WHAT YOU WILL DO
Look below for the line containing "Toyota Aygo x 1.0 vvt-i mt jbl". Reproduce it and every line after it exactly, and nothing more.
====
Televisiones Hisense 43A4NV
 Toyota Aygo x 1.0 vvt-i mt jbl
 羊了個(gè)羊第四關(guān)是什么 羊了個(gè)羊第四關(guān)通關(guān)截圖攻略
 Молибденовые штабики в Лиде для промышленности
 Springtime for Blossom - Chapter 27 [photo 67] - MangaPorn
====
ANSWER FOR THE TASK
 Toyota Aygo x 1.0 vvt-i mt jbl
 羊了個(gè)羊第四關(guān)是什么 羊了個(gè)羊第四關(guān)通關(guān)截圖攻略
 Молибденовые штабики в Лиде для промышленности
 Springtime for Blossom - Chapter 27 [photo 67] - MangaPorn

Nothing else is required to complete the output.